Nasdaq index futures: Prices are higher early today and hovering near last week’s 13-year high. The shorter-term moving averages (4- 9-and 18-day) are bullish early today. The 4-day moving average is above the 9-day and 18-day. The 9-day average is above the 18-day. Short-term oscillators (RSI, slow stochastics) are neutral early today. Shorter-term technical resistance is located at last week’s high of 3,392.75 and then at 3,400.00. Buy stops likely reside just above those levels. On the downside, short-term support is seen at the overnight low of 3,372.25 and then at 3,350.00. Sell stops are likely located just below those levels. Wyckoff’s Intra-Day Market Rating: 6.0.

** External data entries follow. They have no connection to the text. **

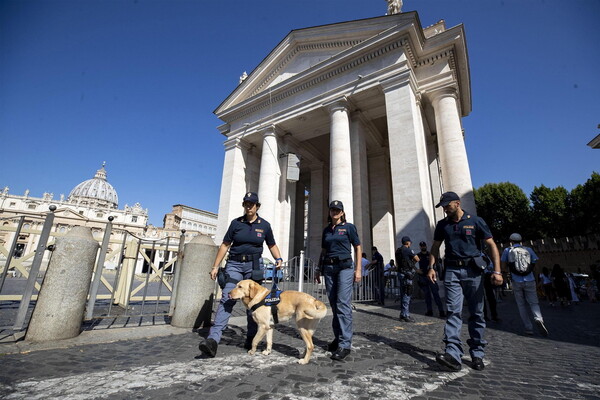 Στην Ιταλία ο Πούτιν - Επίσκεψη στο Βατικανό και συνάντηση με Μπερλουσκόνι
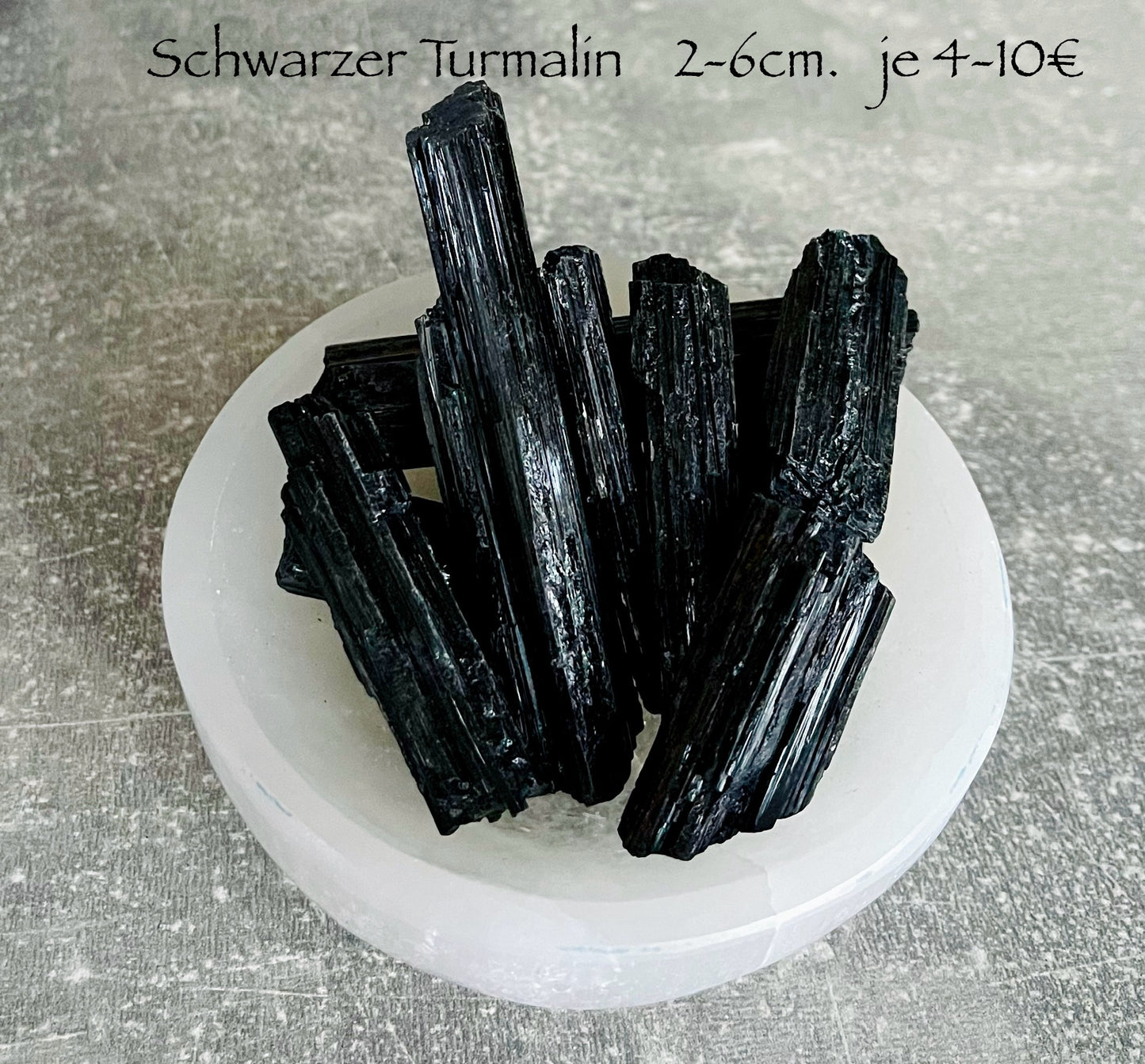 Turmalin Rohsteine 2-6cm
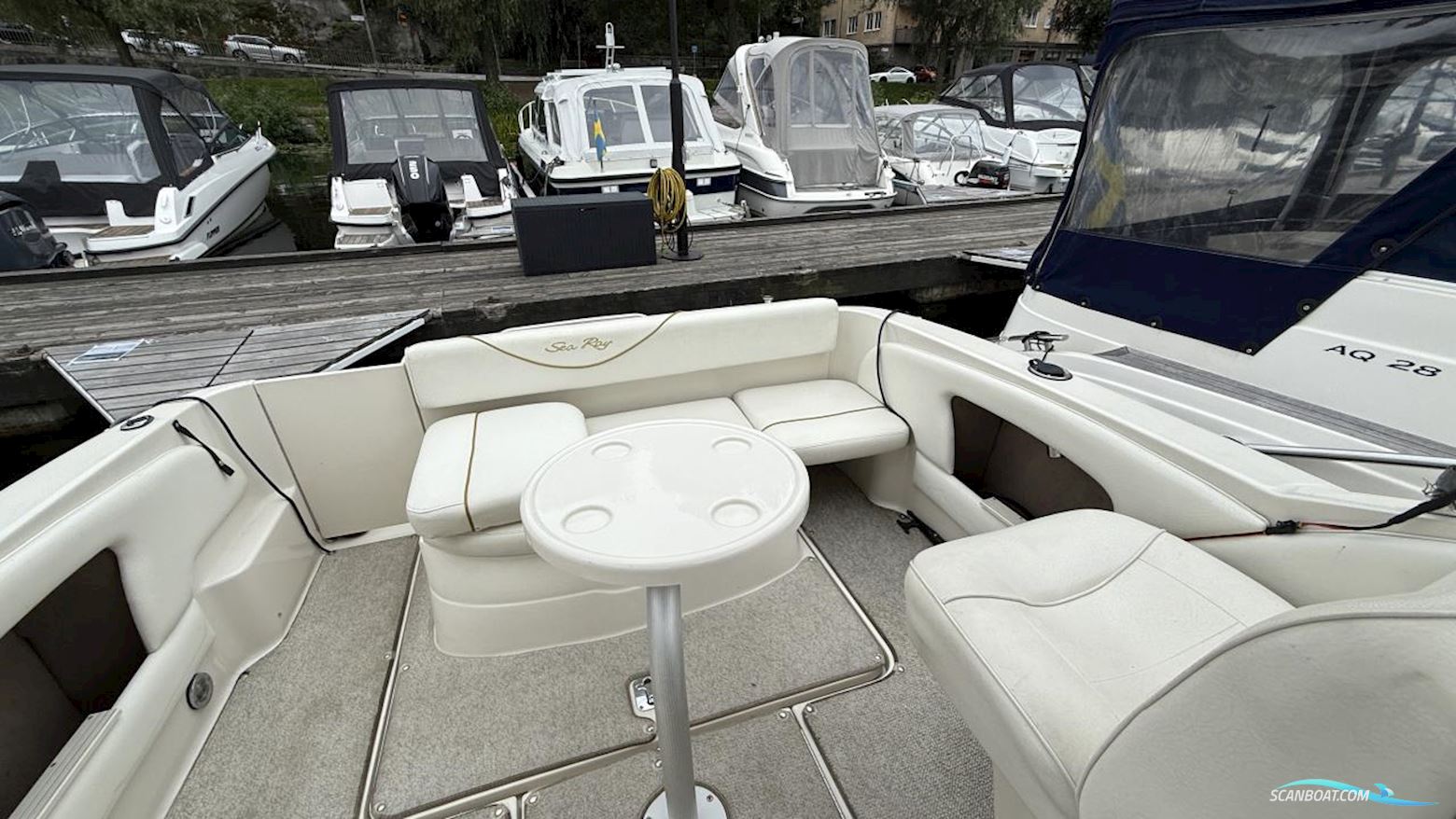 Sea Ray 245 WEEKENDER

Dow futures: Prices are firmer early today. Buy stops likely reside just above technical resistance at 15,550 and then at 15,600. Sell stops likely reside just below technical support at 15,500 and then at Friday’s low of 15,455. Shorter-term moving averages are bullish early today, as the 4-day moving average is above the 9-day and 18-day. The 9-day moving average is above the 18-day moving average. Shorter-term oscillators (RSI, slow stochastics) are neutral early today. Wyckoff’s Intra-Day Market Rating: 5.5

U.S. TREASURY BONDS AND NOTES

December U.S. T-Bonds: Prices are weaker early today. Bulls still have some upside technical momentum. Shorter-term moving averages (4- 9- 18-day) are bullish early today. The 4-day moving average is above the 9-day and 18-day. The 9-day is above the 18-day moving average. Oscillators (RSI, slow stochastics) are bearish early today. Shorter-term resistance lies at the overnight high of 135 10/32 and then at last week’s high of 135 24/32. Buy stops likely reside just above those levels. Shorter-term technical support lies at the overnight low of 134 30/32 and then at 134 26/32. Sell stops likely reside just below those levels. Wyckoff’s Intra-Day Market Rating: 4.5 December U.S. T-Notes: Prices are slightly lower early today. Bulls still have some upside technical momentum. Shorter-term moving averages (4- 9- 18-day) are bullish early today. The 4-day moving average is above the 9-day and 18-day. The 9-day is above the 18-day moving average. Oscillators (RSI, slow stochastics) are neutral to bearish early today. Shorter-term resistance lies at the overnight high of 127.19.5 and then at last week’s high of 127.25.5. Buy stops likely reside just above those levels. Shorter-term technical support lies at the overnight low of 127.12.0 and then at 127.00.0. Sell stops likely reside just below those levels. Wyckoff’s Intra-Day Market Rating: 4.5

U.S. DOLLAR INDEX

The December U.S. dollar index is slightly higher early today on tepid short covering in a bear market after hitting a contract low Friday. Bears remain in strong overall near-term technical control. Slow stochastics for the dollar index are neutral early today. The dollar index finds shorter-term technical resistance at Friday’s high of 79.380 and then at 79.550. Shorter-term support is seen at the contract low of 79.060 and then at 79.000. Wyckoff’s Intra Day Market Rating: 5.0

NYMEX CRUDE OIL

December Nymex crude oil prices are slightly lower early today. Prices last week hit a nearly four-month low. Bears have the solid overall near-term technical advantage. Prices are in a two-month-old downtrend on the daily bar chart. In December Nymex crude, look for buy stops to reside just above resistance at the overnight high of $98.05 and then at $98.29. Look for sell stops just below technical support at $97.00 and then at $96.50. Wyckoff’s Intra-Day Market Rating: 4.5

GRAINS

Markets were mostly weaker overnight. Harvest progress in the U.S. Corn Belt remains a seasonally bearish market factor for corn and soybeans. It is believed that U.S. corn harvest is nearing 50% complete, while soybeans are around 80% harvested. Rain is coming to the Corn Belt in the coming days, which will delay harvesting. Wheat remains supported by Russian and South American wheat crop problems. Technically, the corn bears are in firm command, soybean bulls have the near-term technical edge, and wheat bulls also have the near-term technical advantage.